Leader and Manager - What’s The Difference?
Most people seem to have pretty clear ideas about the differences between leaders and managers, and also about which of these terms has more prestige. Just ask yourself, would you rather be seen by your colleagues as a great leader or an effective manager?
My guess is that you want to be great leader. Well, there’s a bit of kicker to that, because the truth is that all the really great leaders have also been effective managers.
We tend to associate leadership and management with business, but most of the research on them has actually been funded by military organisations. This makes sense because if the leadership and management of your company is not very good you might lose your business, but if the management and leadership of your army is not very good you might lose your country.
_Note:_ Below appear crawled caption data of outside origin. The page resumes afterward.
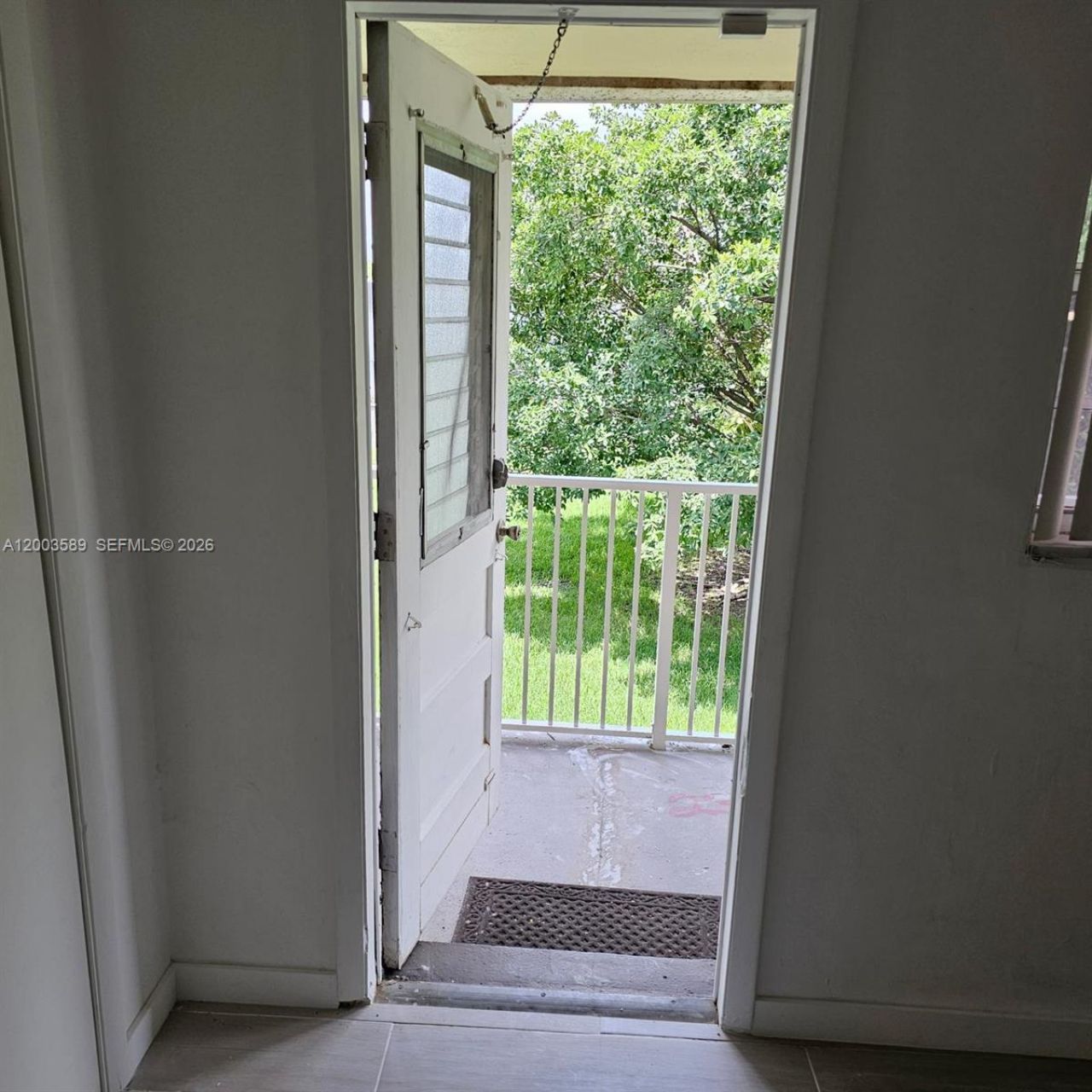 230 SW 11th Ave , Unit 14, Hallandale Beach, FL 33009 Photo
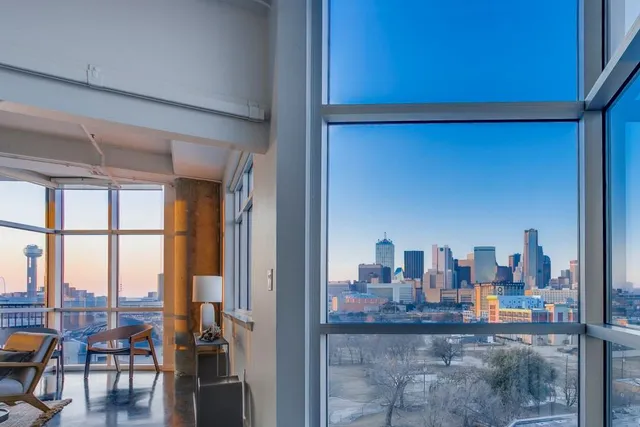$435,000 | 1001 Belleview Street, Unit 708, Dallas, TX 75215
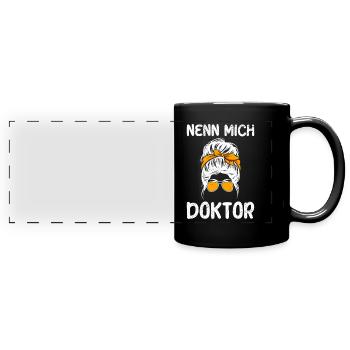 Doktorarbeit NENN MICH DOKTOR Ph.D Lustiges - Panorama-Tasse farbig - Schwarz - Vorne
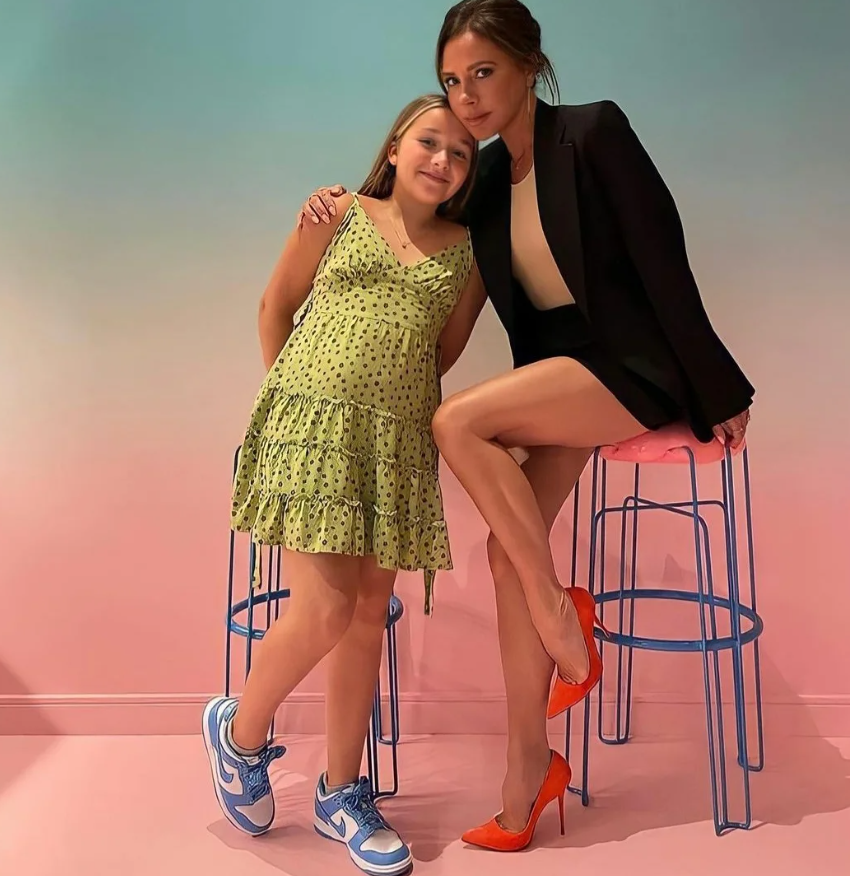 Harper comparte con su mamá el gusto por la moda, el lujo y la belleza / Créditos: Instagram página de fans.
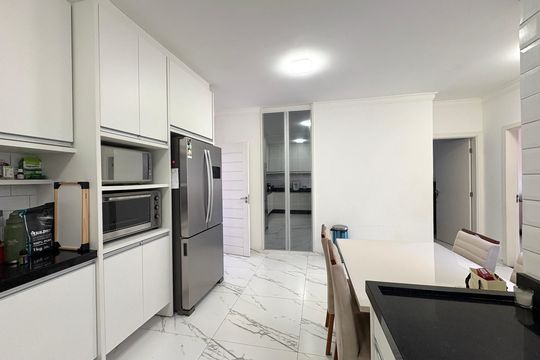 Cozinha de casa para alugar com 2 quartos, 220m² em Vila Guedes, São Paulo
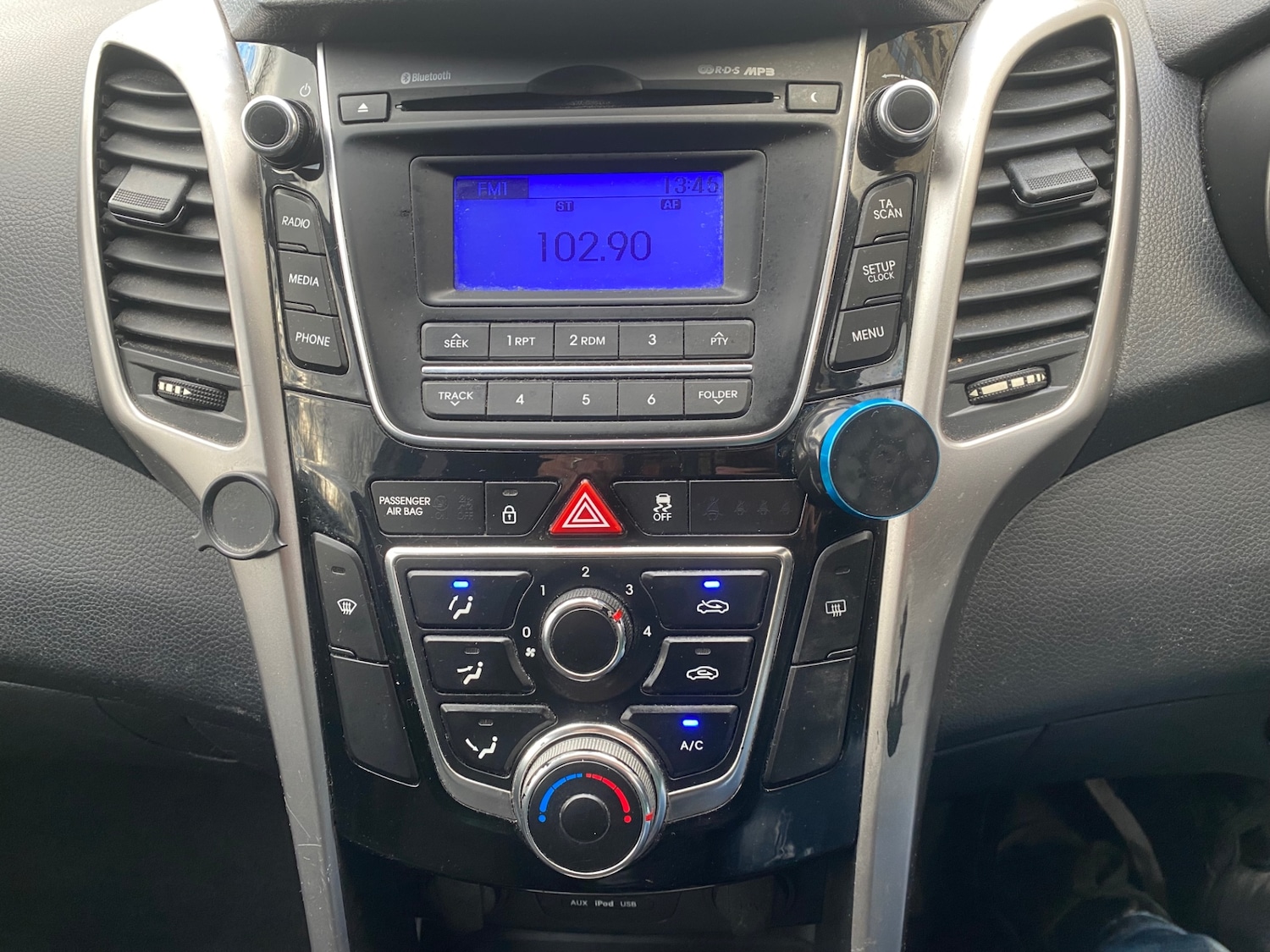 Used Hyundai i30 2014 for sale - 77260946: Photo 17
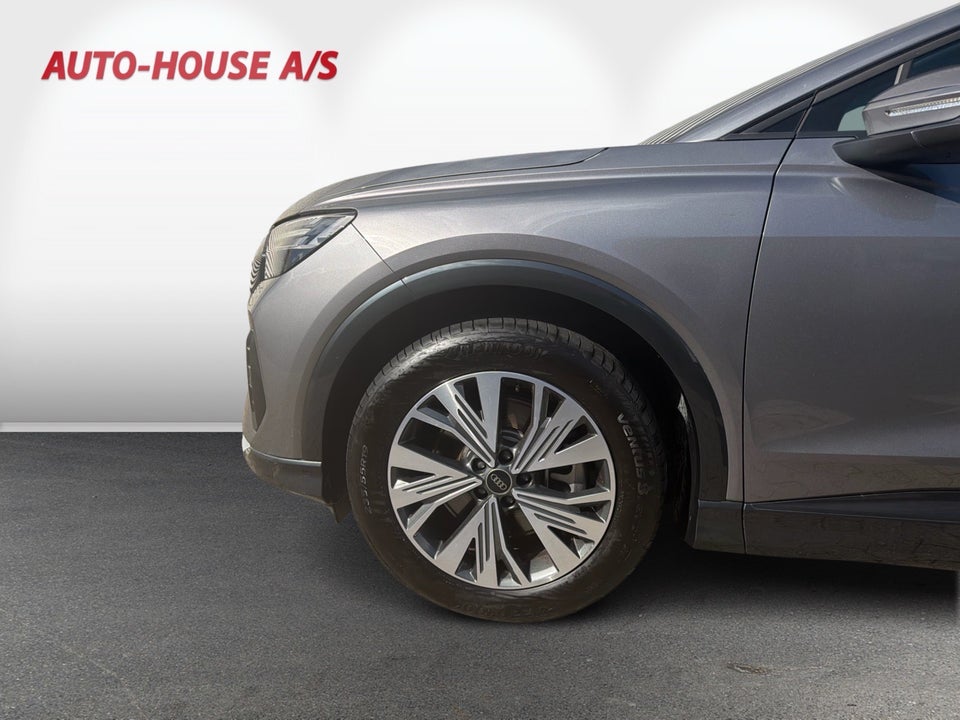 Audi Q4 e-tron 55 quattro 5d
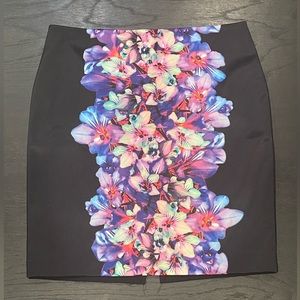 New Express Pencil Skirt Natural Waist Size 6 Black Floral Print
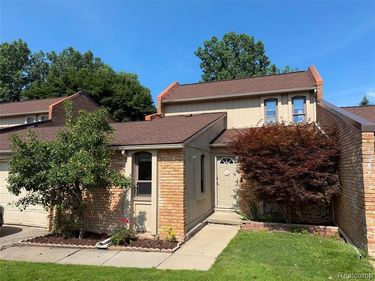 2910 Moon Lake Drive, West Bloomfield Twp, MI 48323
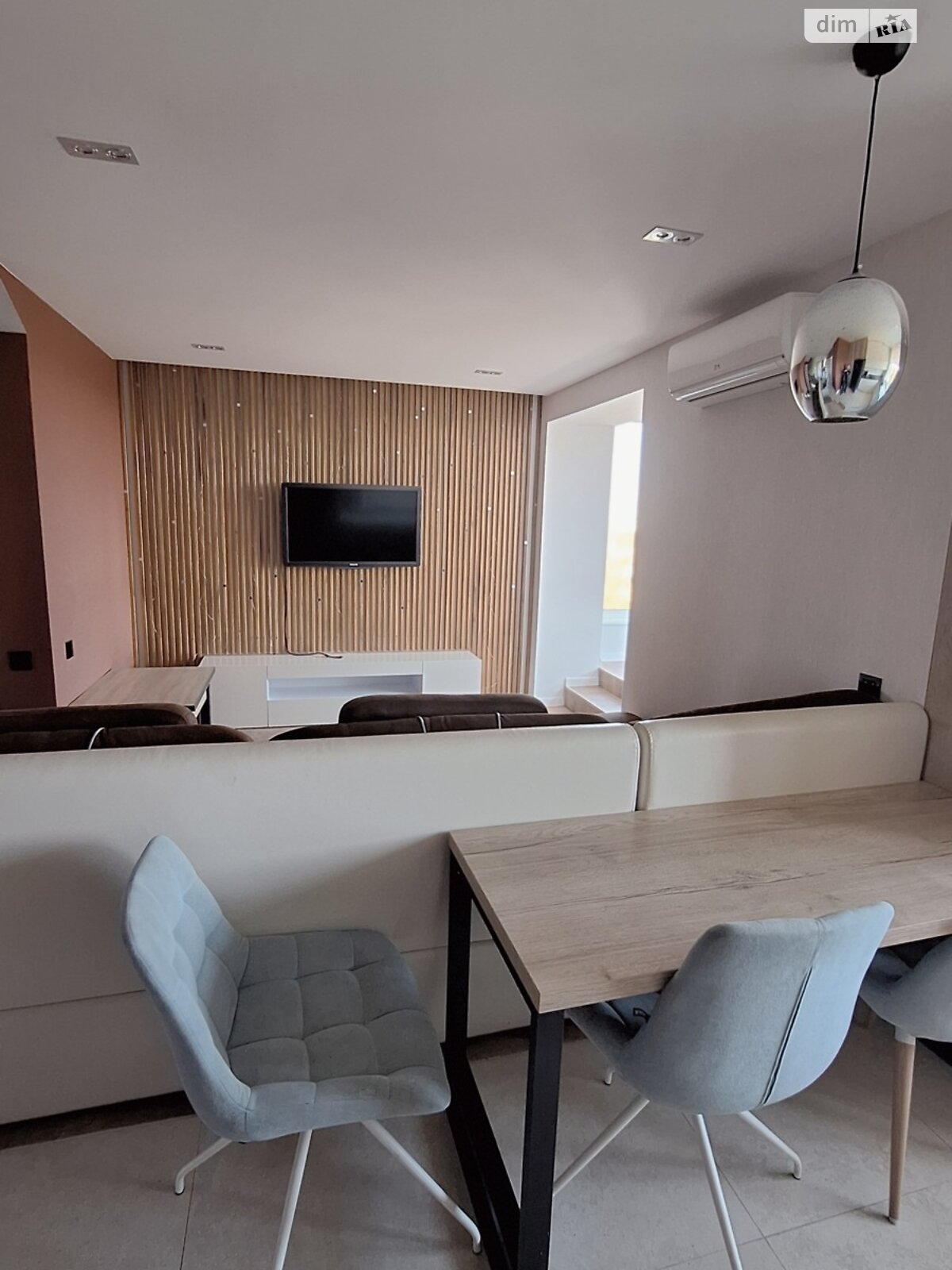 однокімнатна квартира в Полтаві, район Сади 3 (Огнівка), на бул. Боровиковського в довготривалу оренду помісячно фото 1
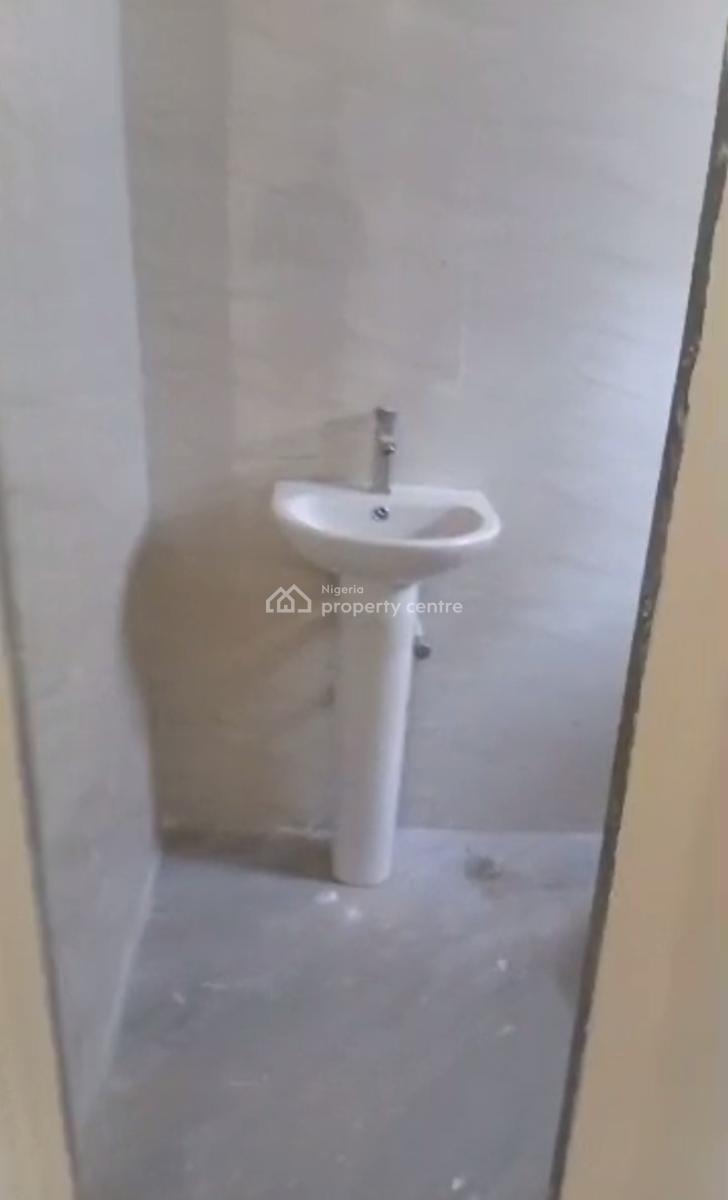 Newly Renovated Spacious 3 Bedroom Bungalow in a Self Compound, Off, Bode Thomas, Surulere, Lagos, Detached Bungalow for Rent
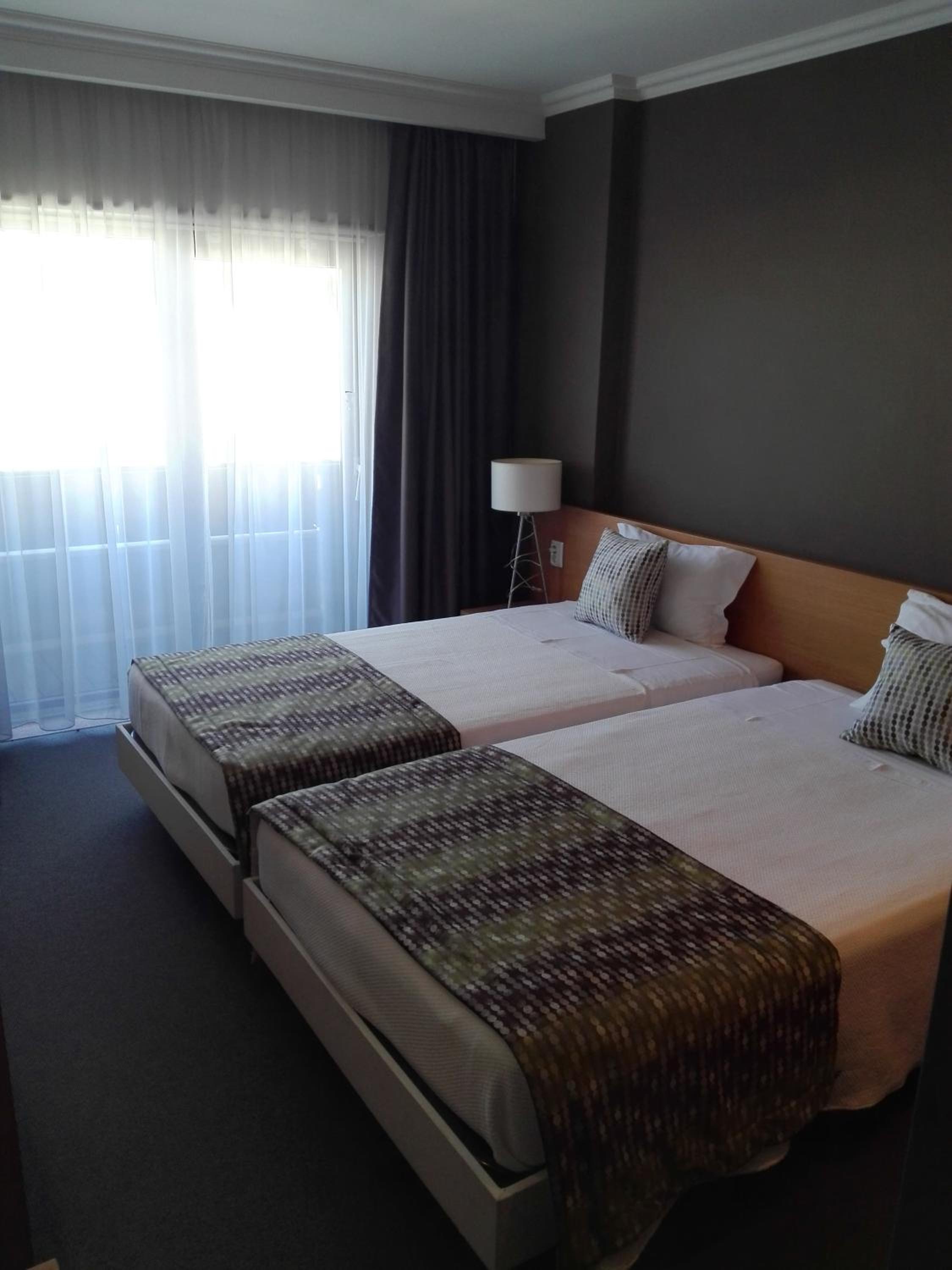 Twin Room - Photo 2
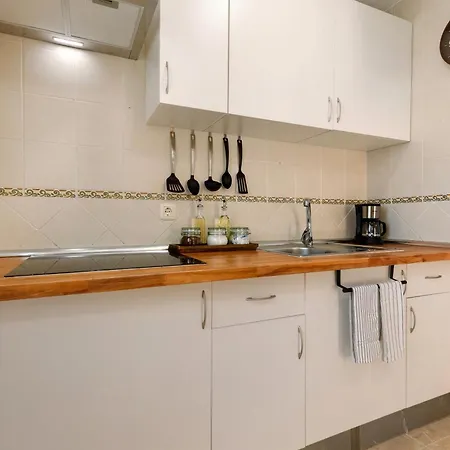 Te Mahana Nei House Holiday home *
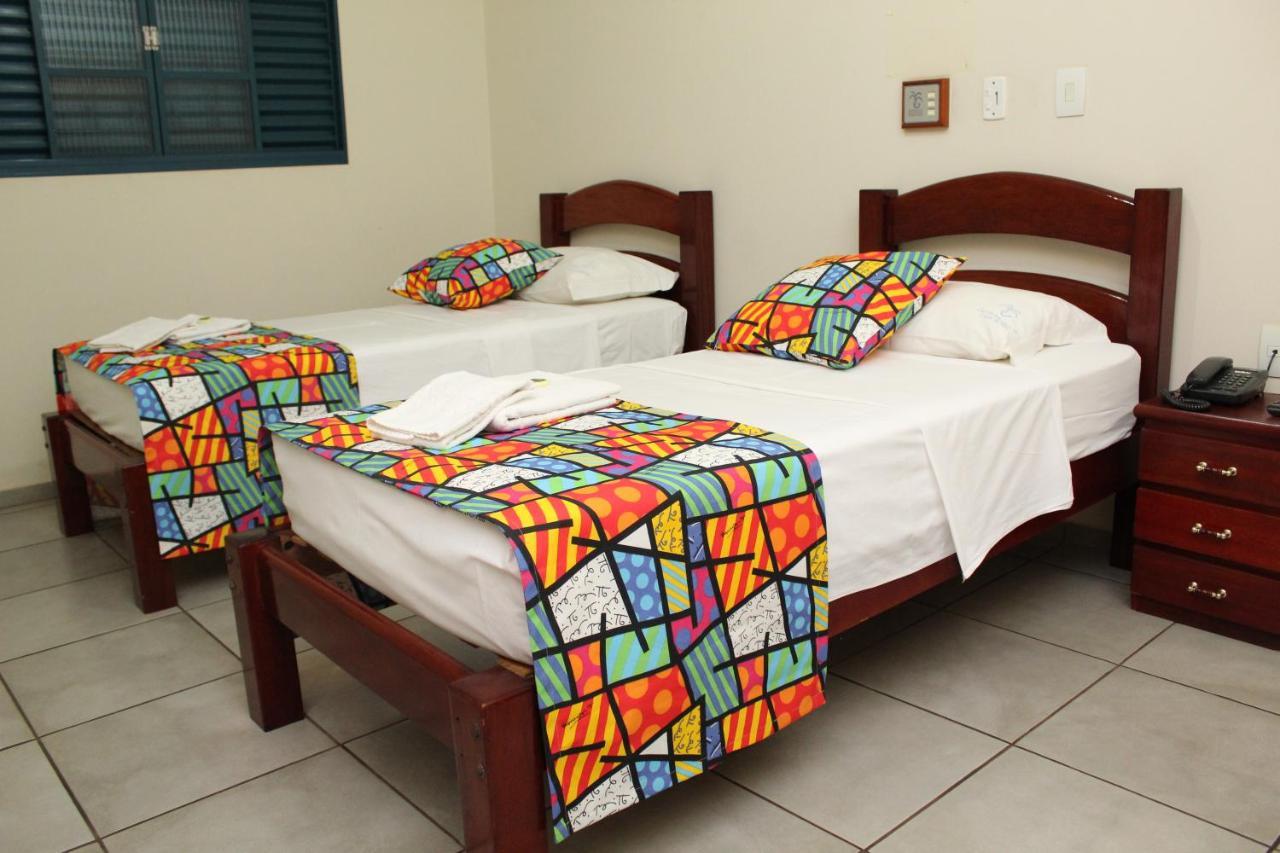 Grandes Lagos Park Hotel Jales Bagian luar foto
This research has shown that leadership is a skill and that management is a discipline. This means that whether or not you are good leader or manager now, you can choose to learn how to be good at both by developing the necessary skills for leadership and learning how to apply the rules of management.
The evidence shows that good leaders have the ‘vision thing’ and that they are able to give people a clear picture of an overall goal or destination. Leaders inspire people by showing them how and why a particular goal is important and they use the principals of social psychology to give people meaning and purpose to do whatever it takes to reach the destination.
Leaders may set the vision, but no matter how inspirational or transformational leadership may be, on its own leadership is not enough to complete the journey – it is managers that actually get the people there. It may surprise you that the word ‘manager’ has nothing to do with the gender of the person who is managing, it comes from the Latin manus which means hand. So the manager is the hand that guides the group, the hand that steers people through each stage of the bigger journey by breaking down the journey into small and achievable steps. The manager establishes a team and shows the people in the team what tasks they must do now. The manager organizes the team and its resources so that everybody is able to complete those tasks as efficiently as possible. Then the manager is the hand that guides the team when they come across problems or things they don’t understand.
So, Leaders inspire people with a big picture or a long-term strategy, from the Ancient Greek stratagema which translates as the moves of generals. Managers show people the immediate tactics, from the Greek tactica meaning the art of small moves, that need to be completed to reach the final objective.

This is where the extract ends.